__What to work on__
Count every line in the data below where the word "floor" appears, then state only that count.

__Provided data__
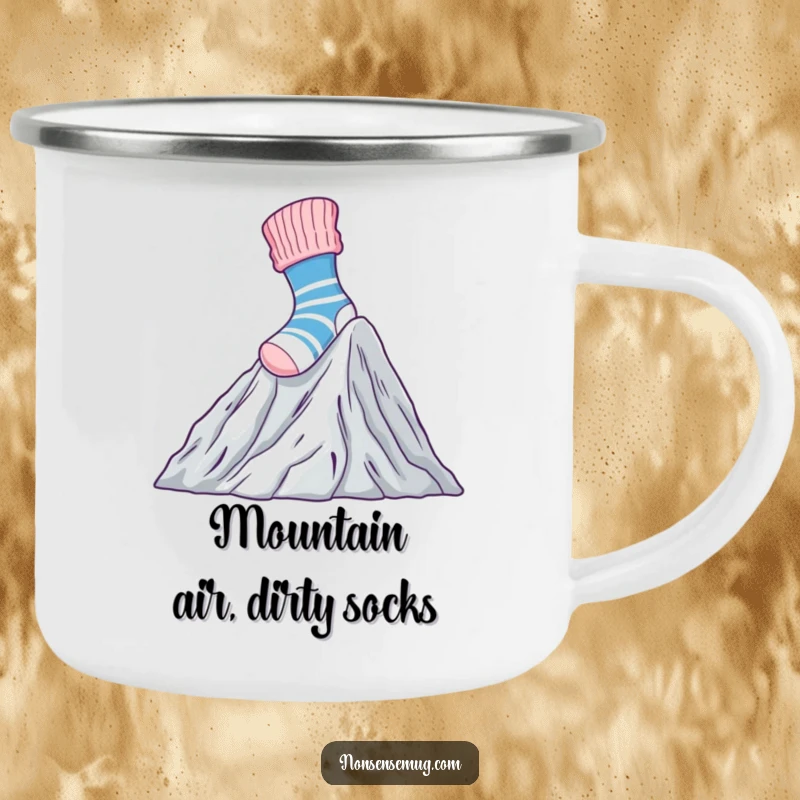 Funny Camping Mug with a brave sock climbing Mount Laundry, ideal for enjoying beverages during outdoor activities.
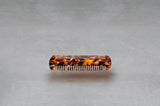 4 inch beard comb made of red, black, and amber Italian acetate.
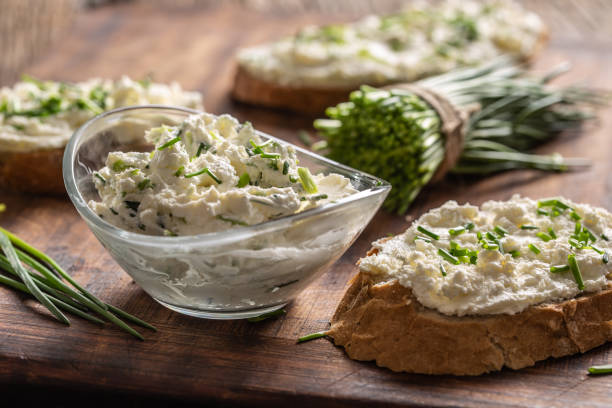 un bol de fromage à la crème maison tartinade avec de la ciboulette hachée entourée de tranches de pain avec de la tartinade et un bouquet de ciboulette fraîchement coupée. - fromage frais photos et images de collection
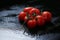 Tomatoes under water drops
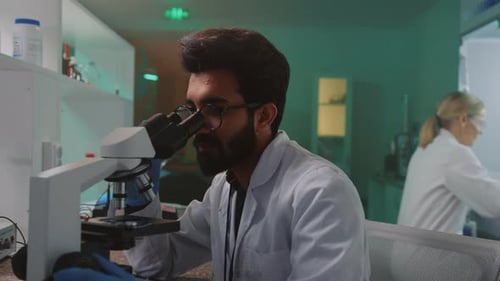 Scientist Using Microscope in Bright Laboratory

* * *

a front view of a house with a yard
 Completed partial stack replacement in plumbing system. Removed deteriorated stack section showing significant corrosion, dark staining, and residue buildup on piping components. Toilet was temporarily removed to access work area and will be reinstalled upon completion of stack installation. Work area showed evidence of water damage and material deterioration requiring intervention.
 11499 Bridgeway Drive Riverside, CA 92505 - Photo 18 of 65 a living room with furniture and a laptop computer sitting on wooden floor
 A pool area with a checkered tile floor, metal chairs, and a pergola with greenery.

__Expected answer__
2